--- EXERCISE INSTRUCTIONS ---
Nothing may be dropped or altered: reproduce all the data.

--- DATASET EXTRACT ---
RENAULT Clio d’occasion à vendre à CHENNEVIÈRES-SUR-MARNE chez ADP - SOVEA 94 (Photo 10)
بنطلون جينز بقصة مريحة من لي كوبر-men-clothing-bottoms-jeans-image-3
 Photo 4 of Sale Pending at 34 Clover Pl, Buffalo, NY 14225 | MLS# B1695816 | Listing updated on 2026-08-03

--- EXPECTED OUTPUT ---
RENAULT Clio d’occasion à vendre à CHENNEVIÈRES-SUR-MARNE chez ADP - SOVEA 94 (Photo 10)
بنطلون جينز بقصة مريحة من لي كوبر-men-clothing-bottoms-jeans-image-3
 Photo 4 of Sale Pending at 34 Clover Pl, Buffalo, NY 14225 | MLS# B1695816 | Listing updated on 2026-08-03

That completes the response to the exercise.